La recherche, afin d'effectuer son plein potentiel, nécessite une autonomie de la politique contingente. Cela ne signifie pas que la science n'est pas traversée par le politique, mais ne peut pas être déterminée par un programme politique particulier, moins par un programme gouvernemental. C'est l'une des raisons pour lesquelles les universités sont les gardiens de la génération des connaissances: parce que leur objectif est que la recherche se produise au-delà des pressions sociales, économiques ou politiques. Et c'est aussi la raison pour laquelle c'est dans cet espace où les différentes branches de la connaissance et non dans les gouvernements de l'époque sont améliorées. Les gouvernements peuvent définir les domaines prioritaires ou l'accent, mais ils ne devraient jamais établir ce qui peut être étudié et ce qui ne l'est pas.

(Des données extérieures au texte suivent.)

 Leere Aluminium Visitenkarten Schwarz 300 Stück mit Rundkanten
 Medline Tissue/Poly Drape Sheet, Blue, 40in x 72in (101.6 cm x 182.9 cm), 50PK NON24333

Ce que les gouvernements démocratiques doivent plutôt faire, répondre à une politique de l'État, est de protéger la recherche sur son large spectre.
« Eppur Si Mouve » (cependant, se déplace), ils disent que Galileo Galilei a déclaré devant l'Inquisition. Si nous avons appris quelque chose dans l'histoire de la génération de connaissances, c'est que la limitation de la liberté de recherche est d'annuler la pensée. Il s'agit, enfin, de limiter la possibilité de penser aux gens, d'explorer les possibilités au-delà du possible, de se demander ce qu'ils nous disent que c'est la vérité ou que nous avons naturalisé. Ce n'est pas un accident que ce sont précisément les gouvernements autoritaires qui interdisent certains domaines de la connaissance ou la définition des domaines qui semblent dangereux à leurs programmes idéologiques. Nous devons toujours avoir différents points de vue, avec des preuves différentes et ensuite, comme dans toute société démocratique, définir dans un certain contexte politique, quelle façon de suivre. Le projet politique progressiste, par exemple, cherche à guider dans la politique publique l'utilisation de la science et des connaissances pour évoluer vers un développement durable et complet qui implique bien dans les questions sociales, économiques et environnementales, en matière de santé, d'innovation, d'éducation et de coexistence, mettant leur concentration sur les gens et non dans les intérêts commerciaux. Un projet progressiste n'annule pas l'enquête selon laquelle l'État finance pour des raisons idéologiques, car elle croit fermement à la démocratie et, au contraire, ce qu'elle fait est de promouvoir le débat sur les connaissances générées et ses utilisations.
L'interdire de la recherche ou la limiter est de nous nier à la possibilité d'imaginer, de penser ou d'avoir des outils pour discuter. Cela affaiblit finalement l'exercice démocratique de la citoyenneté et nous laisse au détriment de la tyrannie de la pensée qu'aujourd'hui, certains dirigeants ultra-droits veulent établir.